States Race to the Top for Early Childhood Education Dollars
Early childhood education has been caught in something of a conundrum. On the one hand, parents, teachers and other education advocates agree that the critical learning years from ages 0-5 are and important time to begin long-term learning success. On the other hand, the pragmatic hand, funding for early childhood education has been a challenge for many states.
This week, early childhood education makes a reappearance in the news with renewed examination into the federally funded “race to the top” program–which provides competitive grants to states leading the way in comprehensive, coherent, statewide education reform across four key areas. These criteria include:
-Adopting standards and assessments that prepare students to succeed in college and the workplace;
-Building data systems that measure student growth and success, and inform teachers and principals how to improve instruction;
-Recruiting, developing, rewarding, and retaining effective teachers and principals, especially where they are needed most; and
-Turning around their lowest-performing schools.

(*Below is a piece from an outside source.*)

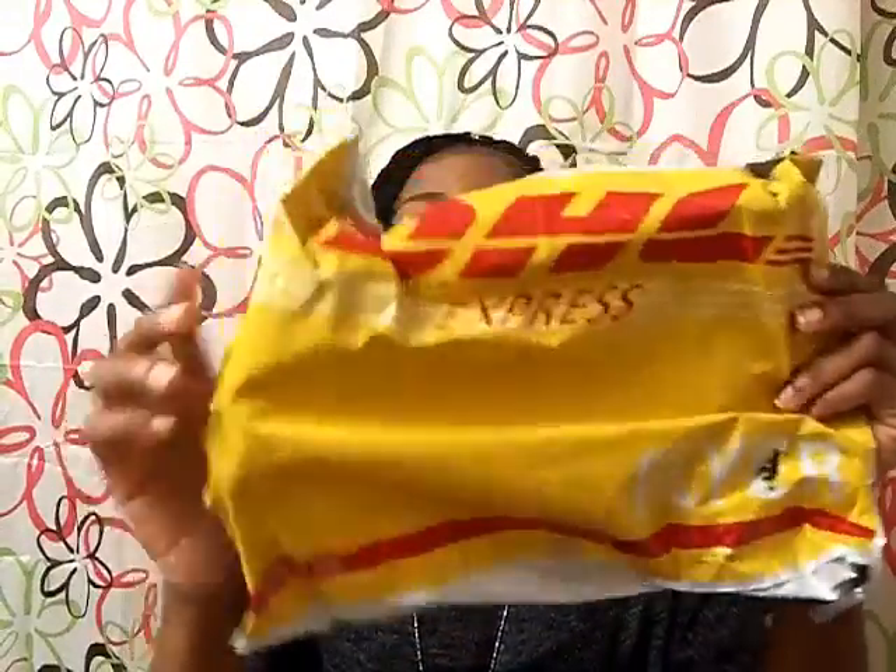So far I haven't really worn the hair because I have these braids and I haven't taken them out. I'm going to wear these for a little bit longer. The hair delivery didn't take that long — maybe a week, because I ordered it on like a Friday night.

The federal funds total $4.35 billion and this time around, with an announcement from the Education department about $500 million of grant money specifically for early education, states have their eye on money for preschool programs.
According to research from the Journal of the American Medical Association and used by Preschool California to make the case for early education, preschool participation increases the chances of graduation from high school, decreases the likelihood to need special education, to be held back a grade, or to get in trouble with the law. The research was based on a 20 year long study tracking development of 1,000 low-income children.
But with budgets tight at the state level, many governors are vying for federal dollars. The “race to the top” funding seems a perfect fit as arguments for preschool education tend to support the same goals as the funding requirements.
In August of 2010, U.S. Secretary of Education Arne Duncan announced 10 new grant winners in the second phase of race to the top funding. In a statement about the funding, Secretary Duncan said that the 10 winning states have adopted rigorous common, college- and career-ready standards in reading and math, created pipelines and incentives to put the most effective teachers in high-need schools, and all have alternative pathways to teacher and principal certification.
Though many states came close, they were eventually left empty-handed but now have a chance to compete again.
This time around, the federal government will make available $500 million dollars for the race to the top early education fund. States set to apply include Illinois, Georgia and many others.
The investment in early education represents a commitment to start at the beginning and give children basic skills all while instilling a love of learning. Advocates who had long called for real tangible investments in preschool will be glad to know that the funds are up for grabs.
Now the question is, with so much need, which states will craft the most successful proposals?